Atatürk’ün özel ilgi gösterdiği Türkiye'nin ilk milli kazısı: Alacahöyük'te Anadolu'nun gizemli tarihine yolculuk

Alacahöyük'ün tarih öncesi dönemlerden Cumhuriyet dönemine uzanan eşsiz tarihi... Atatürk'ün özel ilgisi ile başlayan Alacahöyük kazıları, Anadolu'nun derin tarihi için çok önemli bilgiler sağlıyor. Pek çok farklı uygarlığa ev sahipliği yapan 7 bin yıllık geçmişe sahip Alacahöyük, Anadolu tarihi için büyük önem taşıyor.

Abone Ol

Alacahöyük, Çorum'un Alaca ilçesinin Alacahöyük köyünde bulunan bir höyüktür. Alacahöyük sürekli gelişim dizisi içinde bir yerleşim yeriydi. İlk olarak 1835'de gezilen Alacahöyük, o zamandan beri araştırma ve kazılarla keşfedilmeye çalışıldı. Alacahöyük'ü dikkat çekici kılan en önemli özelliği dört ayrı kültürden kalma yerleşim ya da yapı katı barındırması ve kral ve kraliçelere ait mezarlar...

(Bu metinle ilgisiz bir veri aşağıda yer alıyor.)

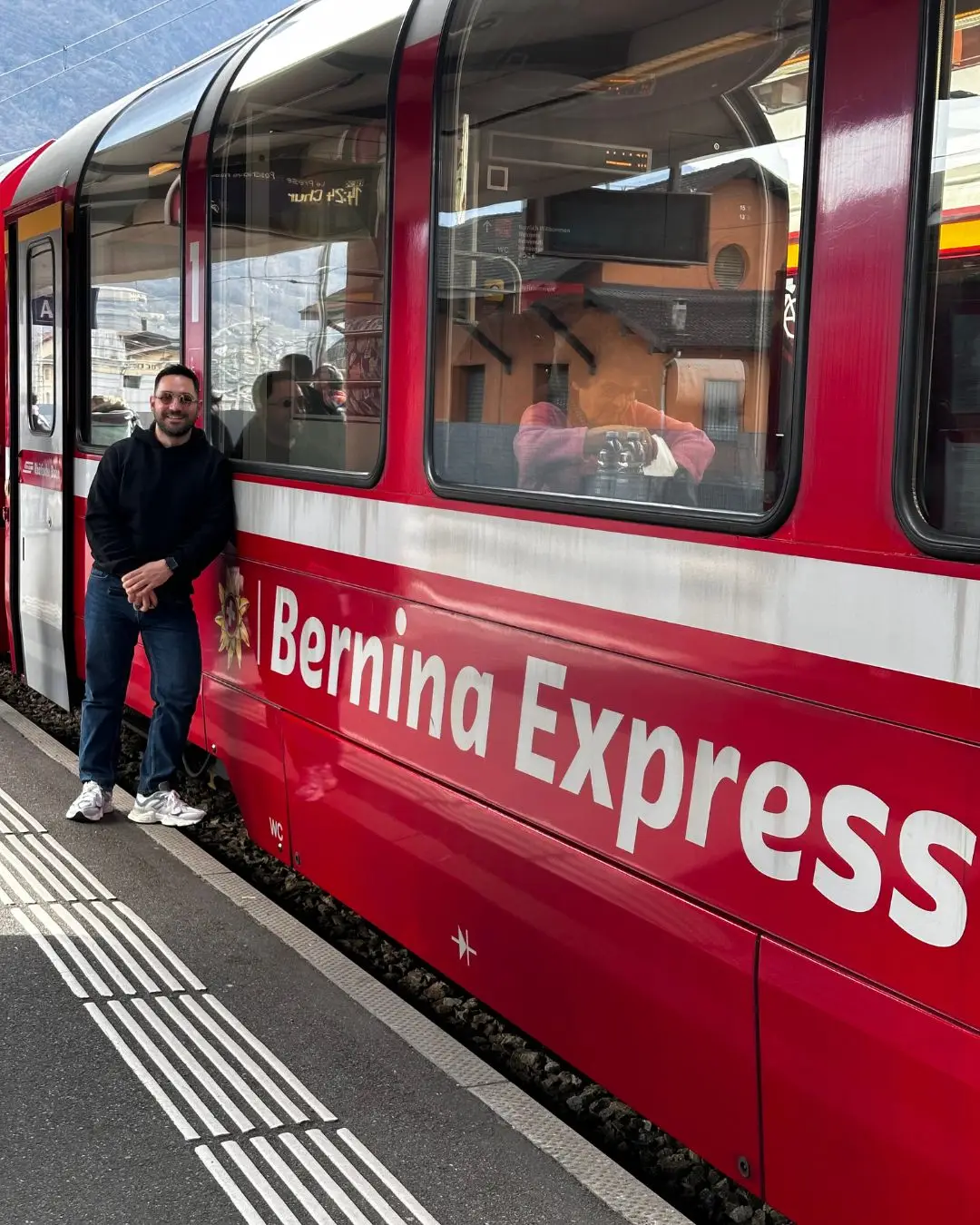 Bernina Express VLOG: UNESCO Güzergahında Masalsı Tren Bernina Express'in panoramik cam tavanlı vagonunun içi ve dışarıdaki Alp manzarası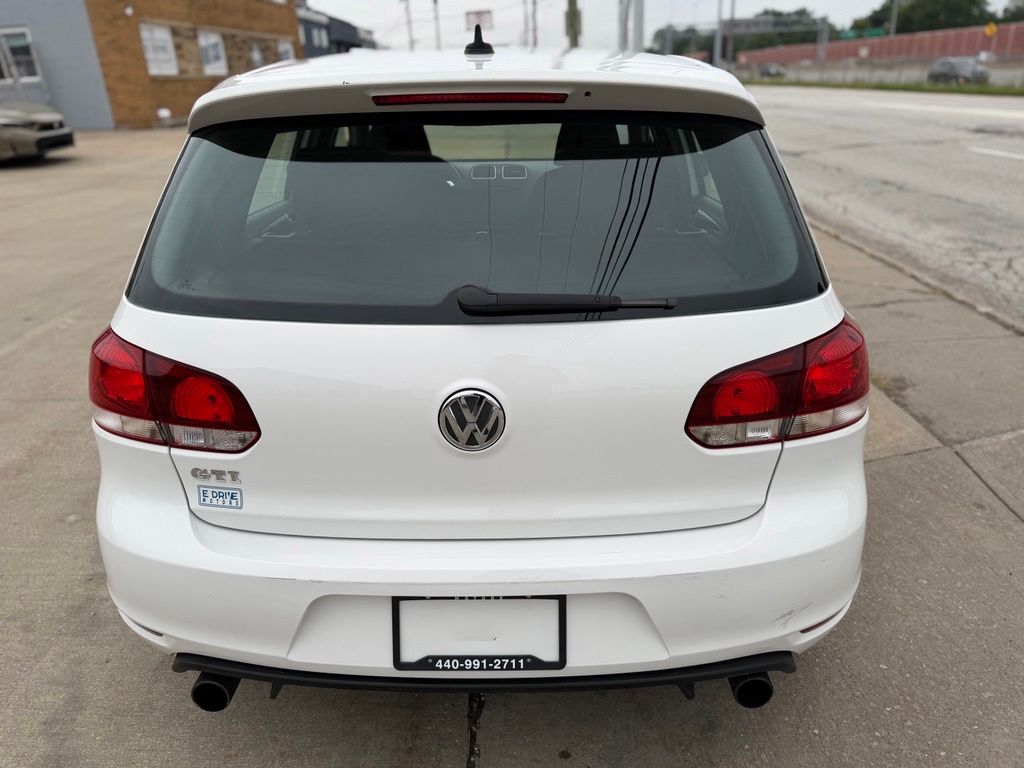 Photo 5 of 2013 Volkswagen GTI Base PZEV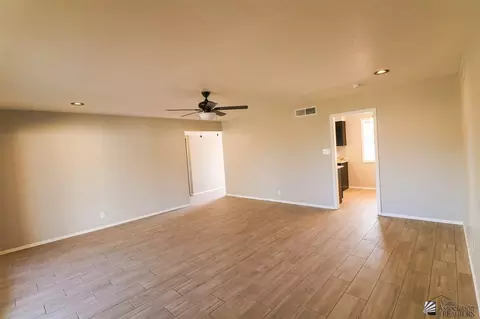 303 E 30 St, Yuma, AZ 85364 photo 3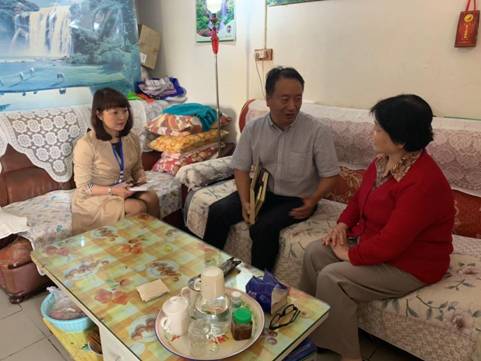 弘扬尊老敬老 传递组织温暖-医院慰问家庭困难退休老同志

Alacahöyük'ün birinci kültür evresinde Frigler, Bizans, Roma, Anadolu Selçuklu ve Osmanlı dönemine ait kalıntılar bulunurken, ikinci kültür evresinde Hititler'e ait önemli kalıntılar ortaya çıkmıştır. Üçüncü ve dördüncü kültür evresinde Erken Tunç Çağına ve Bakır Çağına ait kalıntılar bulunmuştur. Dünden bugüne birçok medeniyete yaşam yeri olmuş Alacahöyük, Anadolu Arkeolojisine büyük katkı sağlamıştır.

Kalkolitik Çağ'da Anakaya üzerine kurulan ilk yerleşim, güneye bakan, deniz seviyesinden oldukça yüksekte bir alanda kurulmuş ve kuzey kesimleri küçük tepelerle koruma altına alınmıştır. Bu çağda mimari sadece taş temeller ve güneşte kurutulmuş tuğlalar anlamına geliyordu. Çatılar sazlık ve sıkıştırılmış toprakla kaplıydı.

Hititlerin en önemli şehirlerinden biri...

Bunlardan en çok dikkat çeken ve günümüze kadar ayakta kalmayı başarabilmiş yapılar, Hitit döneminden kalma yapılardır. Hititler, Anadolu coğrafyasında devlet kurmuş önemli uygarlıklardan biridir. Hitit İmparatorluğu'nun eski başkenti Hattuşaş'ın bulunduğu Boğazköy'ün kuzeydoğusunda Alaca'da yer almaktaydı, bu nedenle Alacahöyük Hitit'ler için önemli bir merkez ve aynı zamanda dini bir başkenttir. Hitit Tapınağı Sarayı ve Hatti'yi izleyen Hitit Döneminden kalma Sefenks Kapısı dikkat çeken önemli yapılardandır. Kapı Hitit imparatorluk dönemin de 1200'lü yıllarda yapılmıştır. Kapı süslemeleri bir dizi Hitit bayram törenleriyle, hayvan kurban sahneleriyle, tanrıya ibadet sahneleriyle süslüdür. Bu da Sefenks kapıların dini törenleri için kullanılan bir yapı olduğunu kanıtlar. Hitit katmanları üç katmandan oluşur. Bu çağda 250 metre çapında daire şeklinde bir savunma sistemi oluşturulmuş ve bu daire üzerinde şehre girişler olan iki ana kapı bulunmuştur. Bu girişlerden biri sefenksli doğu kapısı ve batı tarafındaki kapıdır.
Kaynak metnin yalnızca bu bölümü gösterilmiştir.